The catalytic cracking of coal tar asphaltene (CTA) pyrolysis vapors was carried out over transition metalion modified zeolites to promote the generation of light aromatic hydrocarbons (L-ArHs) in a pyrolysis–gas chromatography/mass spectrometry (Py-GC/MS) micro-reactor system. The effects of ultra stable Y (USY), Co/USY and Mo/USY on the selectivity and yield of L-ArHs products and the extent of deoxygenation ( E deoxygenation ), lightweight ( E lightweight ) from CTA pyrolysis volatiles were investigated. Results showed that the yields of L-ArHs are mainly controlled by the acid sites and specific surface area of the catalysts, while the deoxygenation effect is determined by theirs pore size.

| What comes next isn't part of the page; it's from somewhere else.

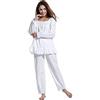 Sawekin Pigiama da donna in cotone vintage vittoriano bianco pigiama set camicia da notte indumenti da notte, Bianco-manica lunga, L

The E lightweight of CTA pyrolysis volatiles over USY is 9.65%, while the E deoxygenation of CTA pyrolysis volatiles over Mo/USY reaches 20.85%. Additionally, the modified zeolites (Mo/USY and Co/USY) exhibit better performance than USY on L-ArHs production, owing to the synergistic effect of metal ions (Mo, Co) and acid sites of USY. Compared with the non-catalytic fast pyrolysis of CTA, the total yield of L-ArHs obtained over USY (4032 mg∙kg −1 ), Co/USY (4363 mg∙kg −1 ) and Mo/USY (4953 mg∙kg −1 ) were increased by 27.03%, 38.19% and 54.78%, respectively. Furthermore, the possible catalytic conversion mechanism of transition metal ion (Co and Mo) modified zeolites was proposed based on the distribution of products and the characterizations of catalysts.